## Exercise instructions
Please restate the data that follows word for word, with the pictures left out.

## Data extract
------------

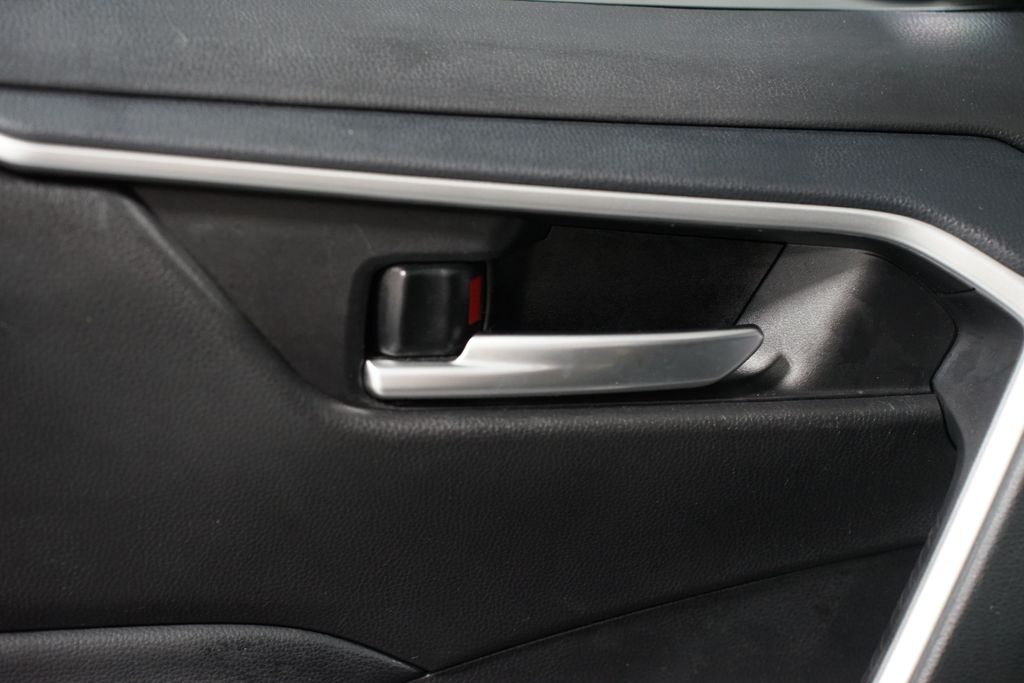 Thumbnail: 2025 Toyota RAV4 - 32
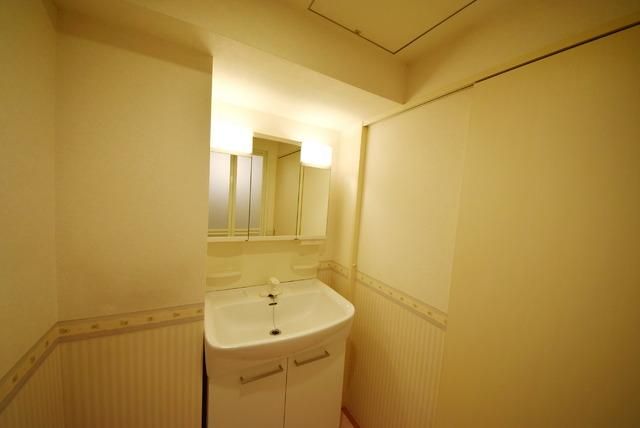 洗面設備　洗面台独立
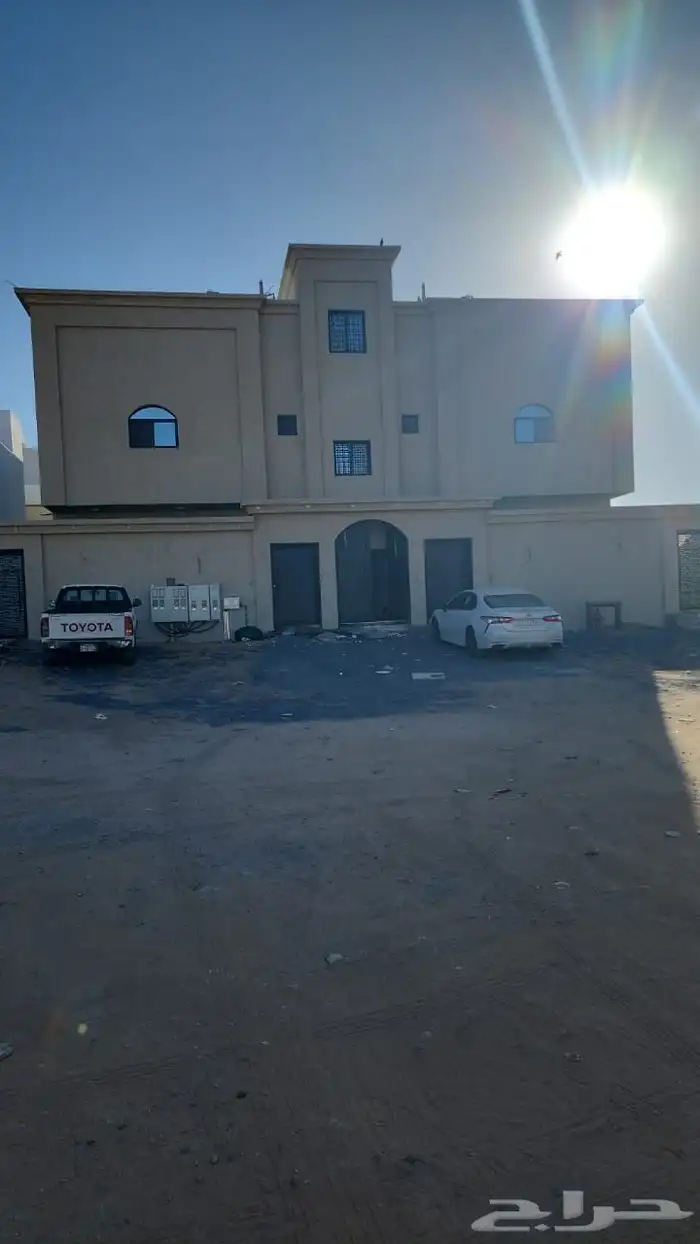 للبيع عماره حي القدس 1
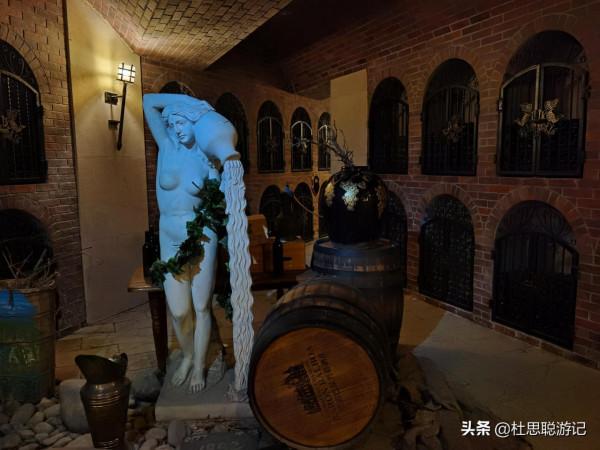 漢EV自駕新疆,探訪亞洲最大葡萄酒地下酒窖,逛完景區還送葡萄酒 漢EV自駕新疆,探訪亞洲最大葡萄酒地下酒窖,逛完景區還送葡萄酒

------------

## Solution to this task
 Thumbnail: 2025 Toyota RAV4 - 32
 洗面設備　洗面台独立
 للبيع عماره حي القدس 1
 漢EV自駕新疆,探訪亞洲最大葡萄酒地下酒窖,逛完景區還送葡萄酒 漢EV自駕新疆,探訪亞洲最大葡萄酒地下酒窖,逛完景區還送葡萄酒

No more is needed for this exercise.